After enabling restrictions, the Sandbox fully closes, and will only allow access to exactly what you specify through Callables.
Changing restrictions is disabled if the Sandbox is in the middle of a call. This is a security feature, so that changing restrictions even indirectly is impossible.
If you need to change restrictions during a Sandbox call, wait until the call is finished and then change them. Or the next frame.
Low-latency
A major design goal is having the lowest latency between the Sandbox and the Godot engine. As a result, calling functions, and in general communicating things back and forth with the Godot engine, is fairly fast. Often an order of magnitude faster than other solutions.
As an example, to check if we are currently in the editor, we have to have ask Godot for Engine::is_editor_hint()
. If the cost to leave the VM to ask for this is ~90ns then we have to ask ourselves if we shouldn't cache that value inside the VM instead, to avoid the overhead of having to ask. However, with libriscv the system call overhead is ~2ns, and so asking Godot directly always makes sense. Check out the latency benchmarks page.
Maximum portability
The Sandbox has implemented support for the C++ and Rust system languages currently. The extension supports all of Godots platforms, including future platforms like RISC-V.
Anyone can implement support for other languages, as long as those languages transpile to C or C++, or can emit RISC-V directly.
Full API access
The Sandbox has access to the entire public Godot API using a run-time generated API. The run-time generated API is written into the project root, or wherever CMakeLists.txt is if you are using CMake. Then, when building a program, the API will be discovered by the build system, and your external editor if you are using that, and provide the entire API.
This run-time generated API also includes loaded extensions your project is using.
Temporary Arguments
The Sandbox is designed to be safe and is therefore sometimes forgetful.
When you pass arguments to the Sandbox, complex arguments will only be remembered until the function call ends. After the function completes, these temporary Variants that need storage are forgotten. This design avoids all kinds of scary lifetime issues.
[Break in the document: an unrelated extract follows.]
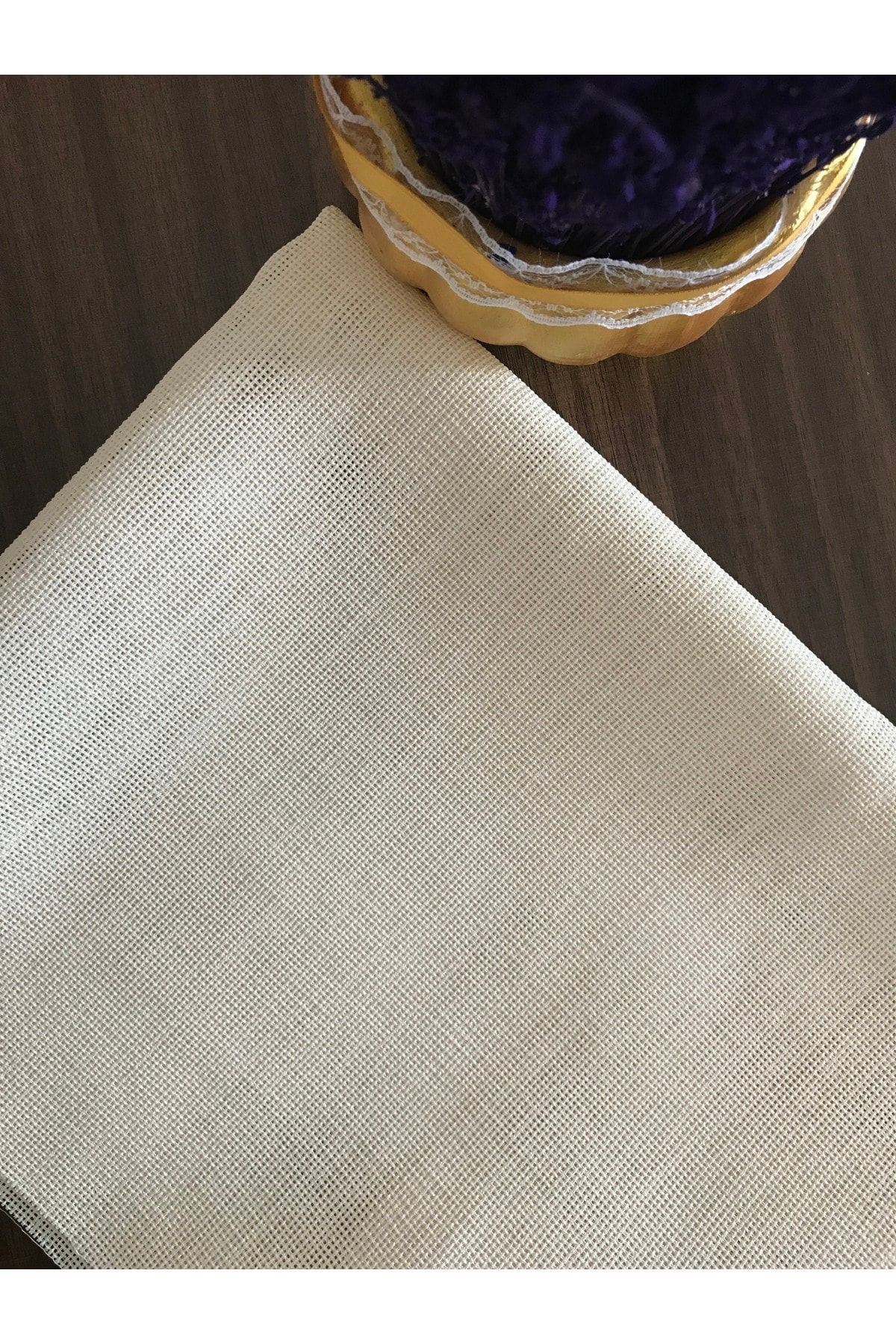 etuval Linen Etamin Punch Ve Pano Kumaşı Krem 38x38cm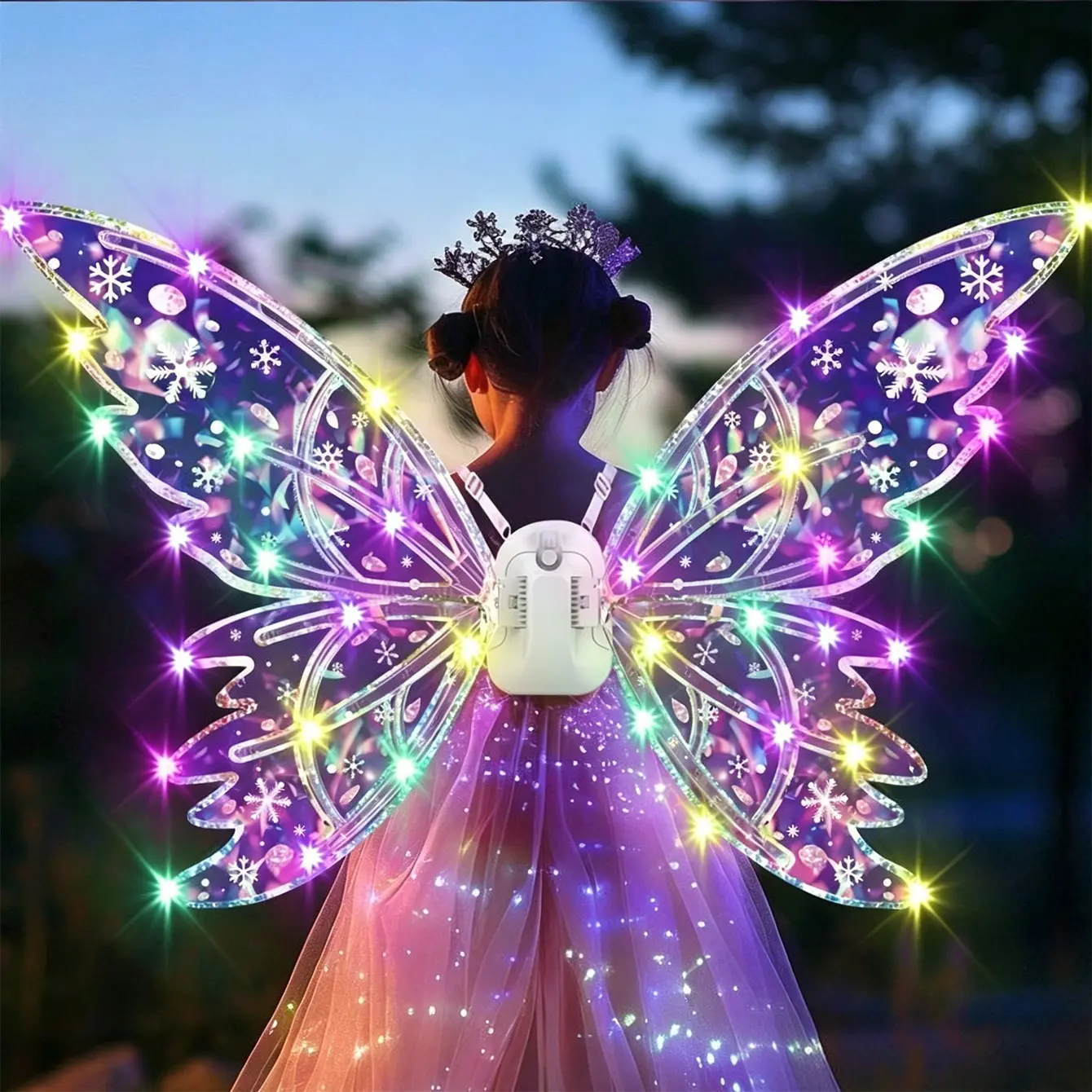 1 piece of colorful electric wings children's musical toy, glowing fairy butterfly Costume, Halloween and Christmas festival party gift, self-assembled, no batteries included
Data can be remembered by passing arrays or dictionaries to and from the VMs. The VMs can also store their own data in their native language formats. What the VM forgets is only related to complex Variant arguments. For example, you can remember a Variant Vector2
but not a Variant String
. You can convert the String
to a std::string
and store that instead.
Further, any Variant created during initialization is permanent:
// This works: it's being created during initialization
static Dictionary d = Dictionary::Create();
extern "C" Variant test_static_storage(Variant key, Variant val) {
d[key] = val;
return d;
}
extern "C" Variant test_failing_static_storage(Variant key, Variant val) {
// This won't work twice: it's being created after initialization
static Dictionary fd = Dictionary::Create();
fd[key] = val;
return fd;
}
Runs only when needed
The Sandbox only runs when there is a function call to execute. If you are not calling a function in the Sandbox, then it is not running.
Thread unsafe
Parallelism is possible, but make sure you are only calling into an instance from one thread at a time. The easiest way to avoid trouble is to have one instance per thread. Instances are tiny and share executable memory, which is sometimes the largest part of the programs.
Passing is permitting
If you pass an object to the VM, the VM will allow the sandboxed program to use it. Ordinarily, an object or node has to be retrieved using regular operations like get_node()
. Many objects are also forbidden or out of reach. Passing an object as an argument to a function, will allow it to be used.
Example: Passing a dictionary containing the OS singleton DOES NOT auto-permit access to OS. Every item in the dictionary has to go through the restrictions filter. Only the dictionary itself is auto-permitted, as it was a direct argument to the function.